Es ist anzumerken, dass die angegebenen CH4- bzw. O2-Belastungen bzw. Partialdrücke nur für die eingesetzten Reaktoren mit den vorhandenen Belüftungssystemen gelten. Eine Übertragung auf andere Systeme ist aber mit den angegebenen Kennwerten (kLa-Werte) möglich.
- Im stabilen Betrieb wurden folgende maximale Abbauraten erzielt:
Nitrat-Einbau in Biomasse:
- Belebtschlammreaktor: 17 mg NO3-N/(g TS * d)
- Tropfkörperreaktor: 36 mg NO3-N/(L * d)
Denitrifikation:
- Belebtschlammreaktor: 12 mg NO3-N/(g TS * d)
- Tropfkörperreaktor. 120 mg NO3-N/(L * d)
- Der Methanolausstoß der methanotrophen Bakterien ist der geschwindigkeitslimitierende Schritt des gesamten Abbauvorganges. Eine Veränderung der Prozessbedingungen (z.B. Verbesserung des Gaseintrages) würde zwar zu einer Steigerung der Methanoxidationsraten, aber nicht zu einer besseren Ausnutzung des Methans zur Denitrifikation führen.
- Der Anteil der mit Methanol denitrifizierenden Bakterien in der Mischkultur betrug in Abhängigkeit von den Randbedingungen 4 - 14%.
- Der minimale spezifische Methanverbrauch betrug unter den für Denitrifikation optimierten Bedingungen für die Belebtschlammreaktoren 16 L CH4/g N, für den Tropfkörper 11 L CH4/g N. Das bedeutet, dass beim Belebtschlammreaktor nur 8,9% und beim Tropfkörperreaktor nur 13% des eingesetzten Methans zur Denitrifikation genutzt werden konnnte. Das restliche Methan wurde aerob umgesetzt.
- Der dazugehörige Sauerstoffverbrauch betrug für die Belebtschlammreaktoren 23 L O2/g N, für den Tropfkörper 15 L O2/g N.
- Die Überschussschlammproduktion betrug bei den für Denitrifikation optimierten Randbedingungen 3,4 g TS/g N beim Belebtschlammverfahren und 2,4 g TS/g N beim Tropfkörperverfahren
- Der optimale pH-Bereich lag bei 6,5 bis 7,4. pH-Werte größer als 8 führten zu einem Rückgang der Abbauleistungen.
- Unter den für Denitrifikation optimierten Randbedingungen ergaben sich somit folgende Abbaustöchiometrien:
Belebtschlammreaktor
CH4 + 1,87 O2 -> 0,91 CO2+ 1,82 H2O
0,092 CH3OH
Tropfkörperreaktor
CH4 + 1,8 O2 -> 0,87 CO2+ 1,73 H2O
0,13 CH3OH
- Es wurden teilweise sehr hohe O2-Konzentrationen gemessen. Eine eindeutige Abhängigkeit von eingestellten Randbedingungen konnte nicht festgestellt werden.
- Der biologische Abbau von Methan hatte einen Rest-CSB-Anstieg zur Folge, der 0,44% des abgebauten CSB betrug.
- Die im Deponiegas enthaltenen Spurenstoffe verursachten keine Hemmung der biologischen Abbauvorgänge. Mögliche Hemmstoffe, wie die im Deponiegas enthaltenen leichtflüchtigen halogenierten Kohlenwasserstoffe, wurden durch die Mischbiozönose methanotropher/methylotropher Bakterien biologisch abgebaut. Es findet weder eine Akkumulation der halogenierten Kohlenwasserstoffe am Belebtschlamm noch in der Wasserphase statt.

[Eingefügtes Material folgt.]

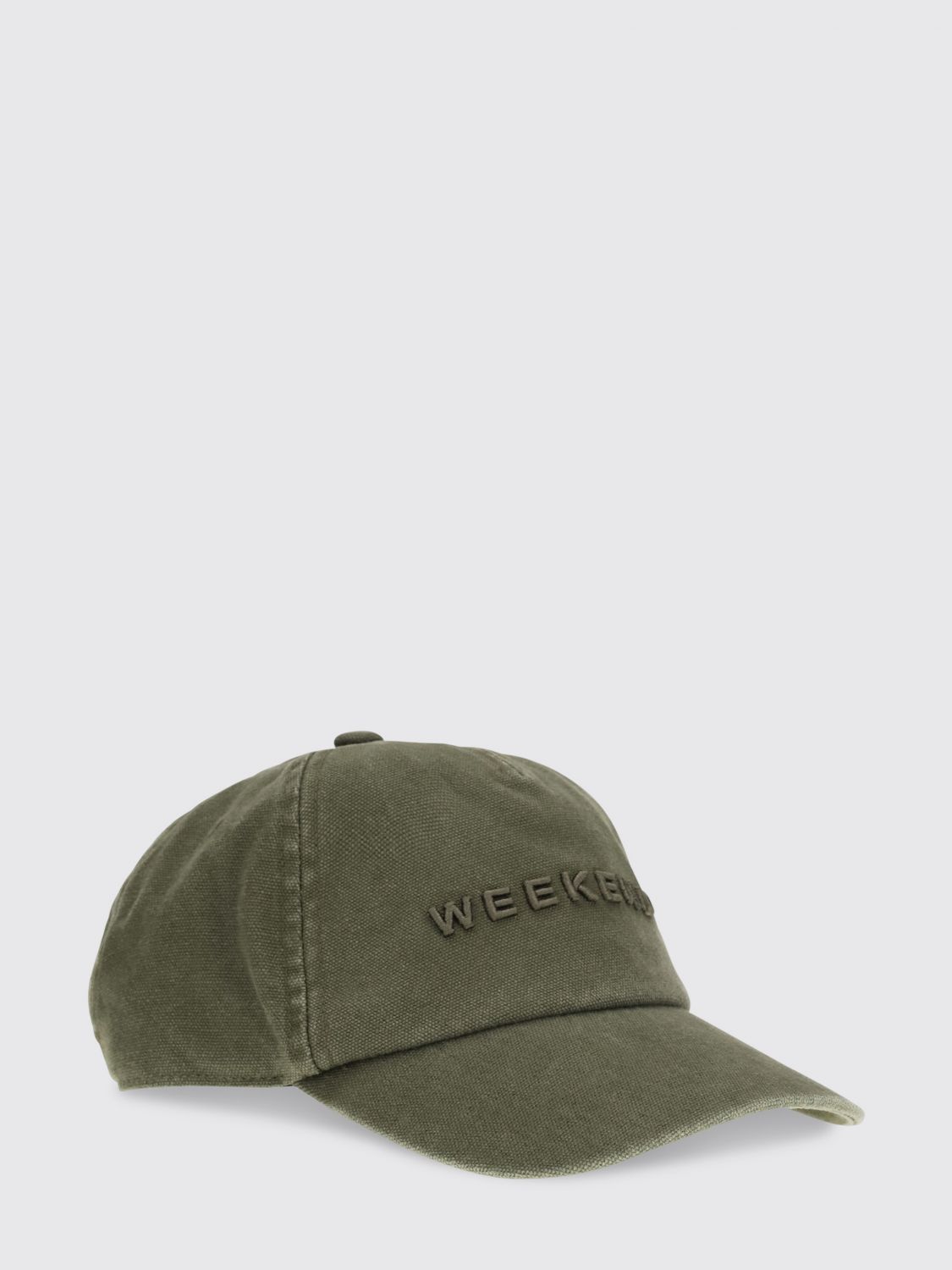 Weekend Max Mara Hat Woman Green WEEKEND MAX MARA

- Die beim Einsatz von Deponiegas und Luft in das Belüftungssystem gelangenden Fremdgase CO2 und N2 können die Effektivität des Verfahrens beeinflussen. Dies muss durch eine geeignete Wahl des Gasversorgungssystems berücksichtigt werden.

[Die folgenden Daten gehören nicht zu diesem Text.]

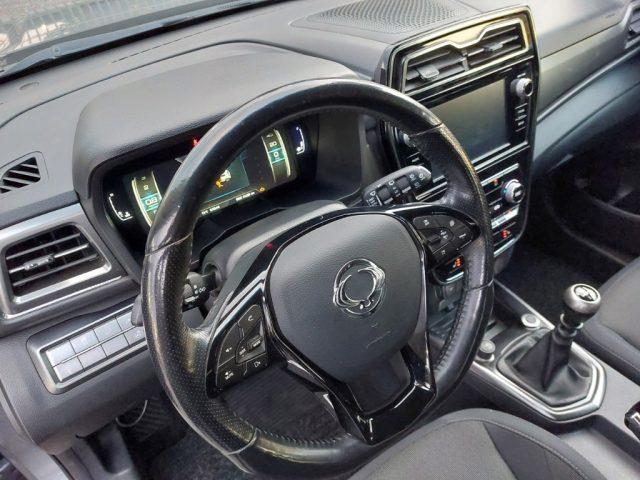 SSANGYONG Tivoli 1.6 diesel 2WD Exclusive Uniprò Legge 104 fattur.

- Die Regelung einer technischen Anlage zur Denitrifikation mit Methan sollte über den O2-Gehalt in der Wasserphase erfolgen. Zusätzlich sollte der O2- und CH4-Partialdruck im Belüftungsgas kontinuierlich gemessen werden. Außerdem muss der pH-Wert geregelt werden.
Die Übersicht über die Versuchsergebnisse zeigt, dass der Einsatz von Deponiegas zur Denitrifikation von Deponiesickerwässern grundsätzlich möglich ist, verschiedene verfahrenstechnische Nachteile aber gegen dieses Verfahren sprechen:
- geringe Denitrifikationsraten
- schlechte Ausnutzung des Methans zur Denitrifikation
- hohe Überschussschlammproduktion
- aufwendige Verfahrenstechnik
- notwendige Sicherheitstechnik
Trotz der vorhandenen Nachteile kann im Einzelfall der Einsatz von Deponiegas zur Denitrifikation sinnvoll sein und bedarf einer genauen Prüfung der Randbedingungen.